>>>>

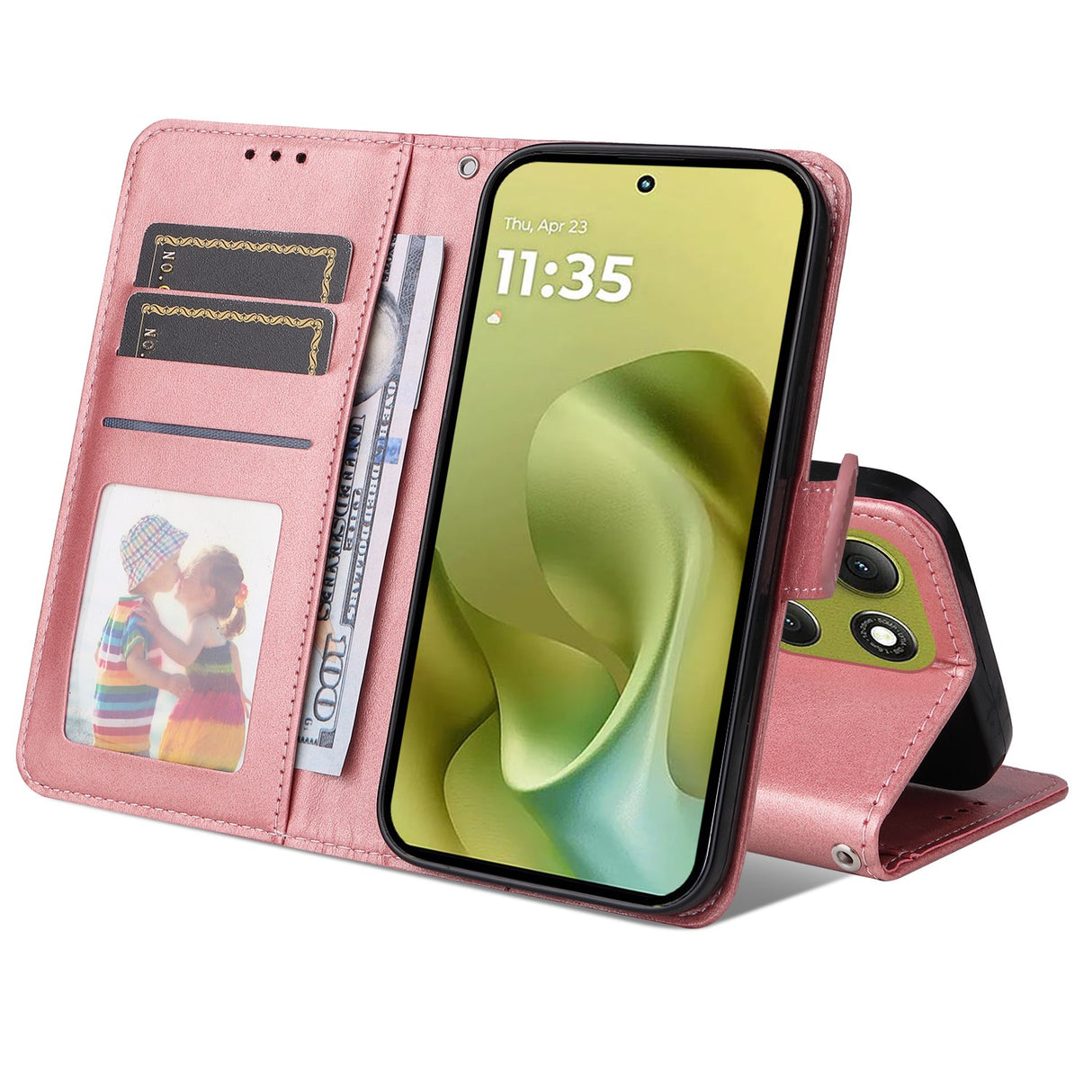 Motorola Moto G86 / G86 Power - EIDERWOOD Kunstlæder Flip Cover m. Strop - Lyserød
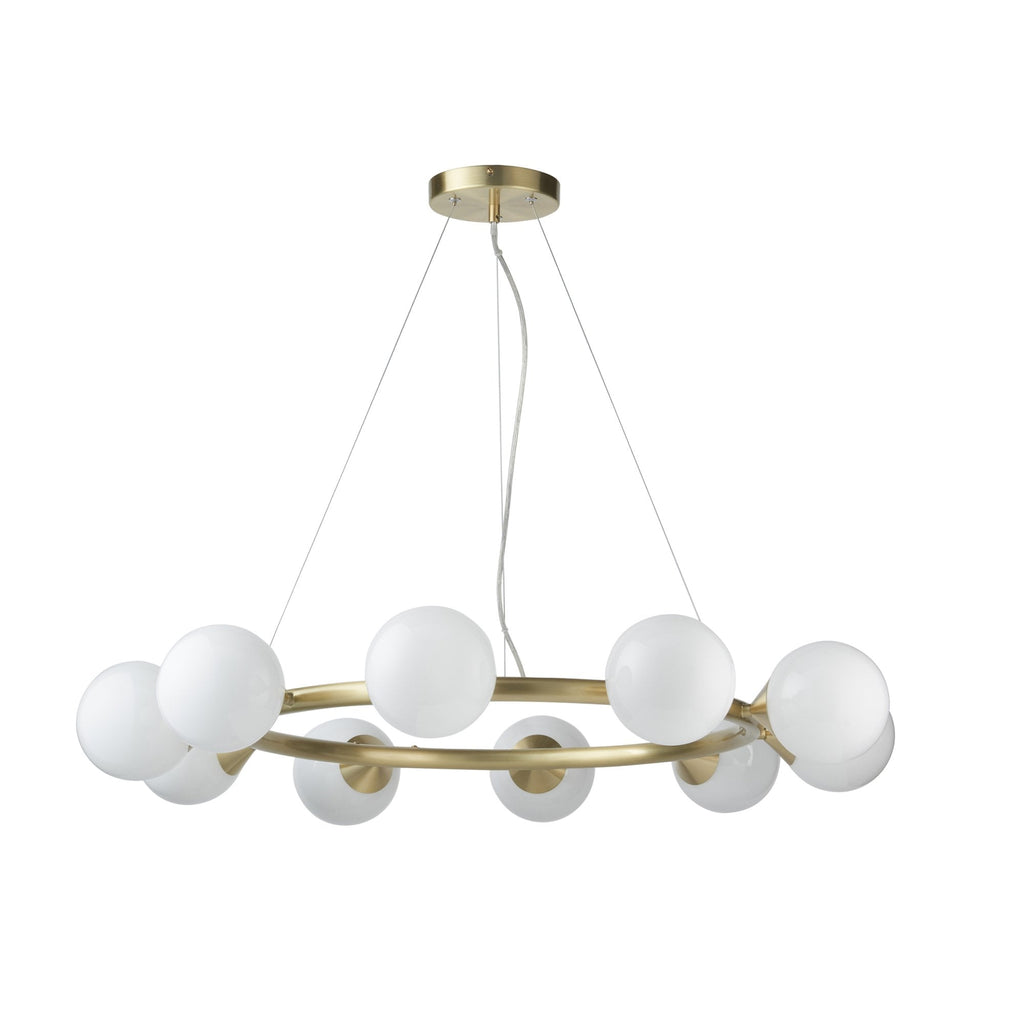 106008 Pendant 10 Light Satin Brass Plate And Gloss White Glass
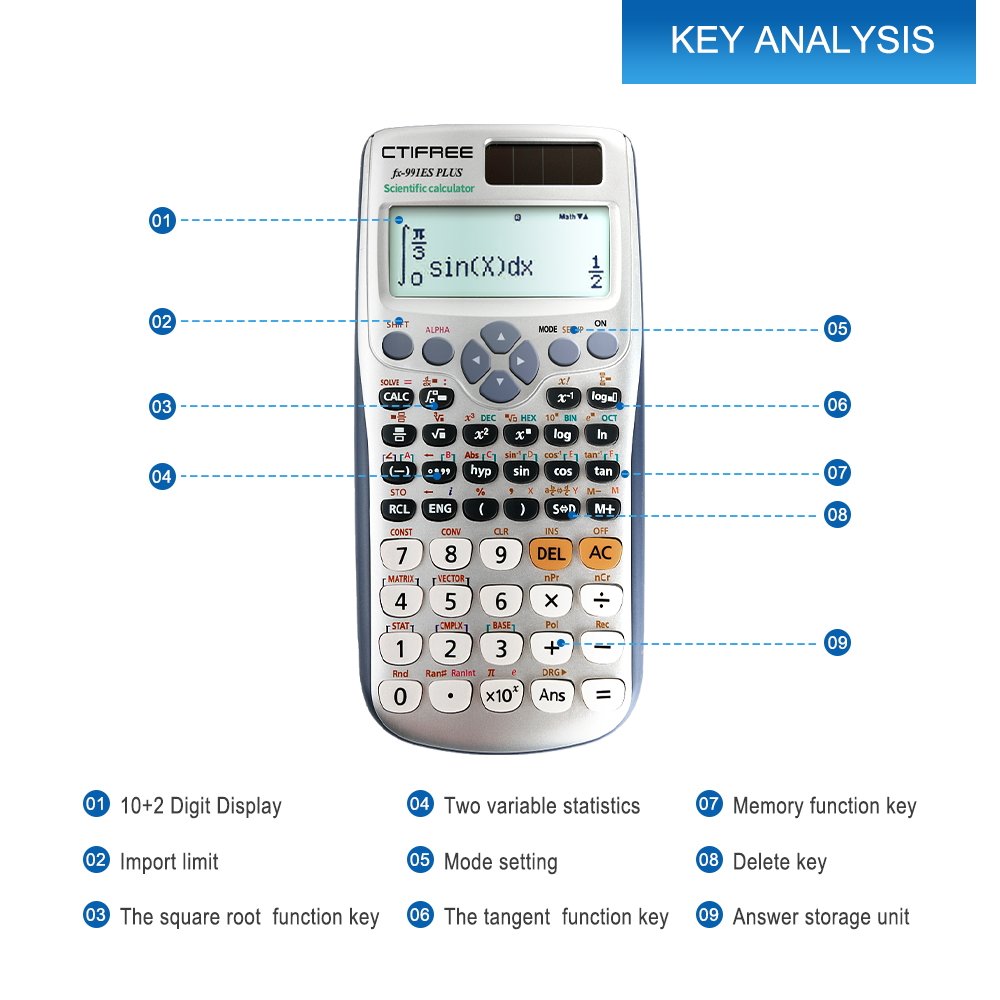Logo-Supported FX991es-plus Calculator With Auto Power, 417 Functions, and Sensitive Buttons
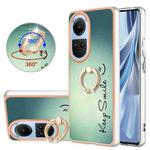 For OPPO Reno10 5G Global Electroplating Dual-side IMD Phone Case with Ring Holder(Smile)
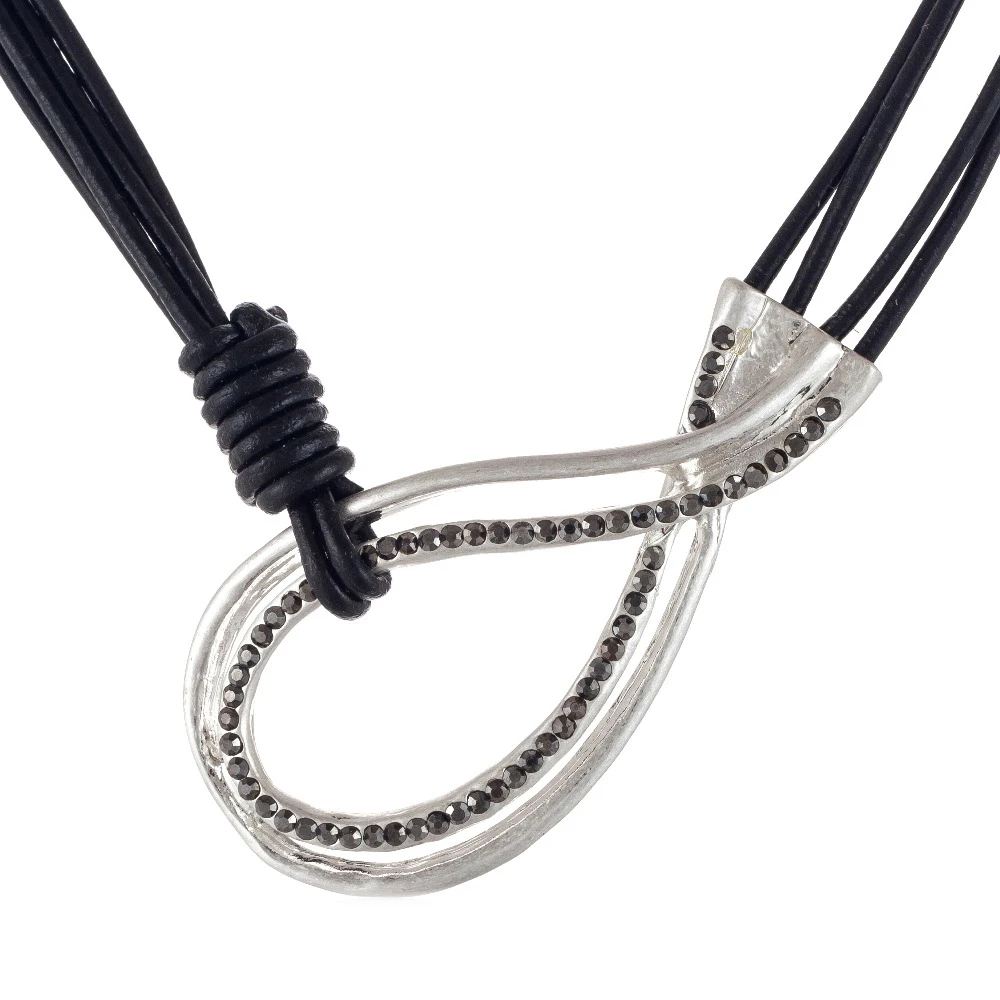 

Summer Jewelry Women Grey Black Leather Chokers Necklace with Silver Pendant Necklaces & Pendants collares mujer colar choker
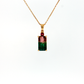 14K Gold | 3.97cttw Natural Bicolor Tourmaline Pendant with Emerald Cut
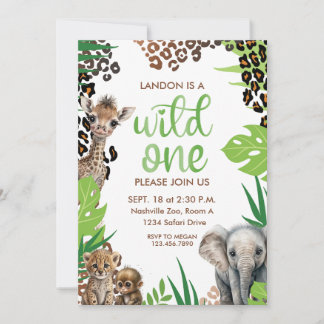 Wild One Animal Safari zum ersten Geburtstag Einladung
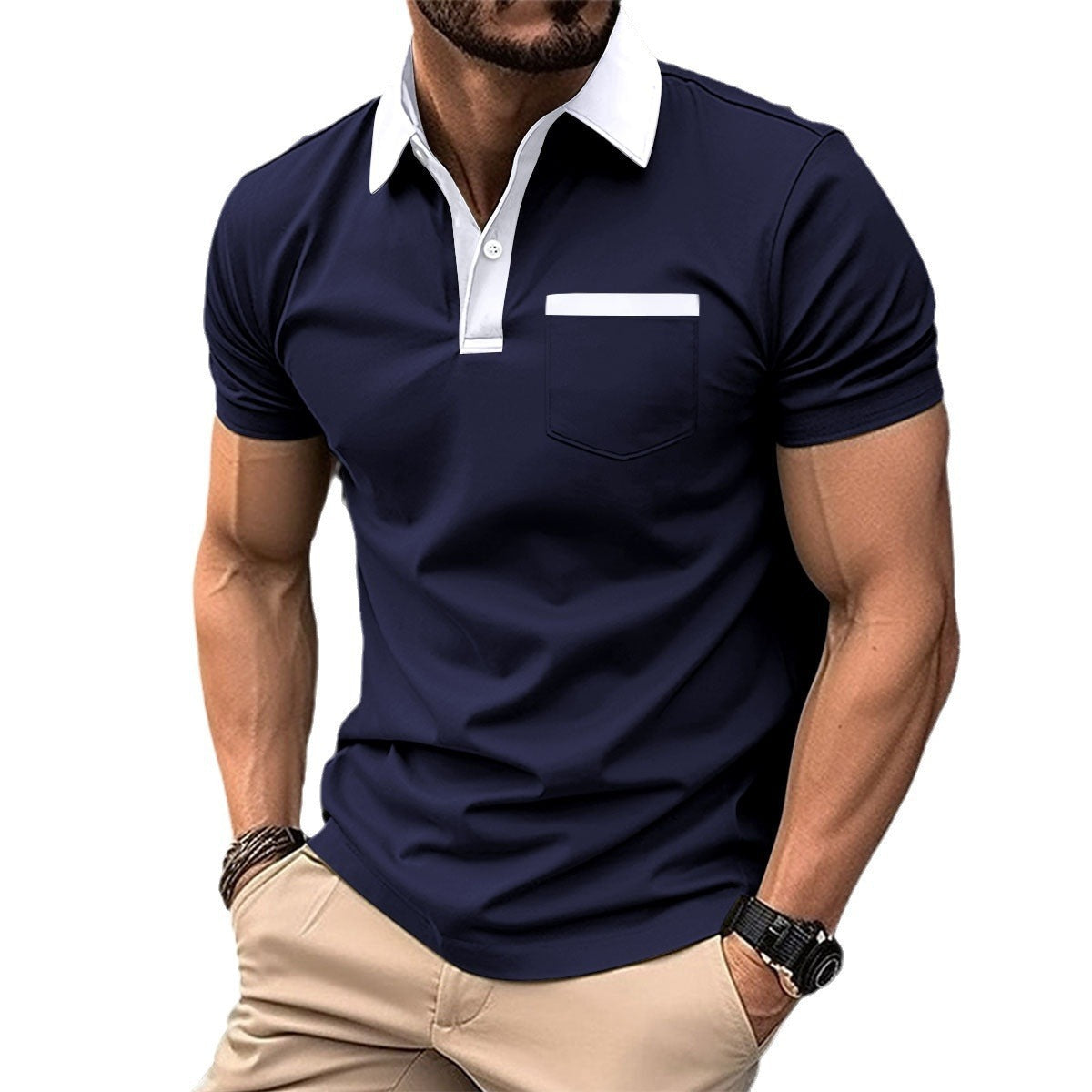 Men's Cotton Blend Polo Shirt - Slim Fit Lapel Collar Short Sleeve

<<<<

# Work instruction
Your output should be only the lines from the line with "Summer Jewelry Women" through the end of the data, exactly as they stand, and no pictures.

# Result of the task
Summer Jewelry Women Grey Black Leather Chokers Necklace with Silver Pendant Necklaces & Pendants collares mujer colar choker
 14K Gold | 3.97cttw Natural Bicolor Tourmaline Pendant with Emerald Cut
 Wild One Animal Safari zum ersten Geburtstag Einladung
 Men's Cotton Blend Polo Shirt - Slim Fit Lapel Collar Short Sleeve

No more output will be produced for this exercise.